Neste sentido, o uso dessas substâncias produziria no sujeito uma progressiva alienação de si mesmo, do real, do mundo humano e da convivência com os outros. “Outros” estes que, no contexto da dependência, são vistos como perigosos, acusadores e fontes de culpa que ameaçam a vida paradisíaca (não-humana) que o dependente quer viver (ou que vive em seu estado intoxicado e, portanto, desumanizado). O mundo real é experimentado como uma crueldade vinda do exterior contra ele e qualquer coisa que o desagrade é entendida como um ataque, uma provocação, uma perseguição contra ele e sua própria vida. Essa percepção de mundo leva o usuário ao constante uso dessas substâncias na tentativa (arrogante) de transformar-se no farmacêutico de si e alcançar a cura do mal que o outro e o mundo lhe causam.
Muitas outras linhas de investigação do fenômeno do uso problemático de drogas existem e esse texto não objetiva e nem conseguiria findar-se em expô-las em sua integralidade. Contudo, o que fica é o entendimento de que uma linearidade de raciocínio do tipo ‘causa e efeito’ no levantamento de hipóteses que possam tentar ampliar nossa compreensão da questão me parece pouco adequada e satisfatória em nos apresentar respostas que reflitam a realidade em sua completude, se assim um dia for possível.

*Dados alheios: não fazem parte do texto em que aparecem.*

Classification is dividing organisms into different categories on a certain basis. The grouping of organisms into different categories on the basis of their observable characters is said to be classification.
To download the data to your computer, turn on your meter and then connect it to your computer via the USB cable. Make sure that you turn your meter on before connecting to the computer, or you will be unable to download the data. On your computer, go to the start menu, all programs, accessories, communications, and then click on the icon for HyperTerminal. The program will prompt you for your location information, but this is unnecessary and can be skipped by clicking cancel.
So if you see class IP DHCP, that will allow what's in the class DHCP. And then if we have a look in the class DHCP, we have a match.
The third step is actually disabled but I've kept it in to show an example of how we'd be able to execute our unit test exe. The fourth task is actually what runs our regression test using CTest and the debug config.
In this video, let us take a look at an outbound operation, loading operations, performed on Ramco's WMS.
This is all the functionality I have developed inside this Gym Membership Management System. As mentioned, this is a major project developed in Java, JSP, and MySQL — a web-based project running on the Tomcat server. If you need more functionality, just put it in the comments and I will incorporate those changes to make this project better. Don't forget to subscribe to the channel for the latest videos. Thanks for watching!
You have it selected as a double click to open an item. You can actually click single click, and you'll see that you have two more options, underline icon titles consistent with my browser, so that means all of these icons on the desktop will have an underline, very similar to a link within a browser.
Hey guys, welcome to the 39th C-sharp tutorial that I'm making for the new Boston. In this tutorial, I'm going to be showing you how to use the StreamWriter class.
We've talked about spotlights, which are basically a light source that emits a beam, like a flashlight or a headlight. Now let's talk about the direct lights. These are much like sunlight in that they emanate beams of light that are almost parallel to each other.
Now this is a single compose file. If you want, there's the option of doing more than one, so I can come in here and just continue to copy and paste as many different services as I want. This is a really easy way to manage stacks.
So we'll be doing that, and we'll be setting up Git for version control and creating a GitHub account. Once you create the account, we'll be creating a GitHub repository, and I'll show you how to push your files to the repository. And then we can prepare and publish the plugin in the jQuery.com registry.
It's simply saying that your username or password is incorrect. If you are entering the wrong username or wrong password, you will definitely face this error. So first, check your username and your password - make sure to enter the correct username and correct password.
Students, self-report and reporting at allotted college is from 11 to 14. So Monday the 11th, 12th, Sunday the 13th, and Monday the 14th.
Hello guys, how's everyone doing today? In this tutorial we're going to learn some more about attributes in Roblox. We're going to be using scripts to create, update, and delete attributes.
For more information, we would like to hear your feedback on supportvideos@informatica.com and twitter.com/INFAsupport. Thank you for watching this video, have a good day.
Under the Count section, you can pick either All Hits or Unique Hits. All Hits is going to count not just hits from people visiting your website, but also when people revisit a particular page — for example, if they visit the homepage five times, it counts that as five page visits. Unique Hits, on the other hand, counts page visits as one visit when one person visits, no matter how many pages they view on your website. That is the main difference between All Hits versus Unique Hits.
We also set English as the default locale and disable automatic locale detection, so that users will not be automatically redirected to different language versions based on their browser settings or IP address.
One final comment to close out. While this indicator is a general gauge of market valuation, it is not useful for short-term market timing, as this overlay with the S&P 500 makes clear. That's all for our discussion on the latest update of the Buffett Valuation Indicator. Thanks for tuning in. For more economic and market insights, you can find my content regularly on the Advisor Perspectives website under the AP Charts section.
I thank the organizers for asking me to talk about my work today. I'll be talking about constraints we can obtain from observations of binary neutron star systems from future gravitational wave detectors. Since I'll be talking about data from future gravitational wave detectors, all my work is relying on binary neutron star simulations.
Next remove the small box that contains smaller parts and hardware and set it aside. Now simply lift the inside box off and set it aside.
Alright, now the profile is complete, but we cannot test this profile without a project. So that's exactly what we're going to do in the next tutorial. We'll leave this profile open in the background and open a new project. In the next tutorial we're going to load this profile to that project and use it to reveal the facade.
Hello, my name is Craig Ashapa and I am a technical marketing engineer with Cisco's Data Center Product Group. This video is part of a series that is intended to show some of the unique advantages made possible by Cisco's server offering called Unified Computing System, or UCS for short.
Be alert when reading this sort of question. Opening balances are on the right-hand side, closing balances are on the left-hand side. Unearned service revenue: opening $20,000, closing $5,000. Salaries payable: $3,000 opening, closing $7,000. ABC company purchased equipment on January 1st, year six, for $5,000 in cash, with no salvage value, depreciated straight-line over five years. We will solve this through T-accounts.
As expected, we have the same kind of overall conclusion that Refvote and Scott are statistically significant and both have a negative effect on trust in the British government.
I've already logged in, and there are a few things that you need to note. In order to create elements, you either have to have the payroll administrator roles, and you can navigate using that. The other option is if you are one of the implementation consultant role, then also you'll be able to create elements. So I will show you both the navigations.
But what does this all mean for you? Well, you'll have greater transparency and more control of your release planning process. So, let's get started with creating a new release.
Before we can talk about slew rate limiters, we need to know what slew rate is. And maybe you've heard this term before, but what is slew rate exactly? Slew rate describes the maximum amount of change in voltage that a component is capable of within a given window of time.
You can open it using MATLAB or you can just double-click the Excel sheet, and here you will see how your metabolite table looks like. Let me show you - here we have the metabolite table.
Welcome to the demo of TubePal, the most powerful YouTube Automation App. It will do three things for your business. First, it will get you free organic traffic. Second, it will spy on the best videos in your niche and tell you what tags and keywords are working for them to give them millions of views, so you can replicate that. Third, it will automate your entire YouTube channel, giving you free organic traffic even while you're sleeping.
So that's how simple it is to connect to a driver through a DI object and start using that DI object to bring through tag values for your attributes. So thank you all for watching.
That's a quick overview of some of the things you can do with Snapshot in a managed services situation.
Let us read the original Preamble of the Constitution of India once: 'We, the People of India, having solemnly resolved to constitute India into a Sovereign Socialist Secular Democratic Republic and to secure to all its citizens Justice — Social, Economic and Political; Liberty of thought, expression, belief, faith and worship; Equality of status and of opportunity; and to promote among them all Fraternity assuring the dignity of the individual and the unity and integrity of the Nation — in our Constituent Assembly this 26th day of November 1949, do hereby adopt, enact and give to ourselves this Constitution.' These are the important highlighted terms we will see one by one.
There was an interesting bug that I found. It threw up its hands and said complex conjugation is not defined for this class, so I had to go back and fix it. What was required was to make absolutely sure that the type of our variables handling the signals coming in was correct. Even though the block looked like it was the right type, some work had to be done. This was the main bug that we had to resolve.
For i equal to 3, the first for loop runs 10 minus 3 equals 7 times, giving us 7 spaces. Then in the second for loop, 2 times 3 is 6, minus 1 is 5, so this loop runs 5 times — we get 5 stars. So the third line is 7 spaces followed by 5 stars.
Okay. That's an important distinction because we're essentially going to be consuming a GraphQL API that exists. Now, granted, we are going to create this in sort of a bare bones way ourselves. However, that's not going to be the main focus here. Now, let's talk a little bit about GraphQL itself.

Apesar do exposto, dentre tamanho caos e desconhecimento, o que posso assegurar é que será apenas no compartilhamento do viver em uma rede de apoio que ofereça contenção, suporte e acolhimento é que o usuário conseguirá ressignificar seus processos até ali e optar por uma nova experiência de se colocar nas relações que estabelece com as pessoas e sua cultura.
Referências
1. Formigoni MLO de S, Duarte P do CAV. SUPERA Módulo 2: Efeitos de substâncias psicoativas. SUPERA: Sistema para detecção do Uso abusivo e dependência de substâncias Psicoativas: Encaminhamento, intervenção breve, Reinserção social e Acompanhamento. São Paulo: Universidade Federal de São Paulo; Universidade Virtual do Estado de São Paulo; Secretaria Nacional de Políticas sobre; 2018. 164 p.
2. Xavier AA, Tomazelli E. Idealcoolismo: um olhar psicanalítico sobre o alcoolismo. São Paulo: Casa do Psicólogo; 2012. 282 p.
3. Valente JY, Cogo-Moreira H, Sanchez ZM. Predicting latent classes of drug use among adolescents through parental alcohol use and parental style : a longitudinal study. Soc Psychiatry Psychiatr Epidemiol. 2019;54(4):455–67.
4. Fidalgo TM, Sanchez ZM, Caetano SC, Andreoni S, Sanudo A, Chen Q. Exposure to violence : associations with psychiatric disorders in Brazilian youth. 2018;277–83.
5. Sanchez ZM, Valente JY, Fidalgo TM, Leal AP, Medeiros PFP, Cogo-Moreira H. The role of normative beliefs in the mediation of a school-based drug prevention program : A secondary analysis of the # Tamojunto cluster- randomized trial. PLoS One [Internet]. 2019;1–17. Available from: http://dx.doi.org/10.1371/journal.pone.0208072
6. Freud S. O mal-estar na civilização. In: Sigmund Freud – Obras Completas Volume 18. São Paulo: Companhia das Letras; 2010. p. 13–123.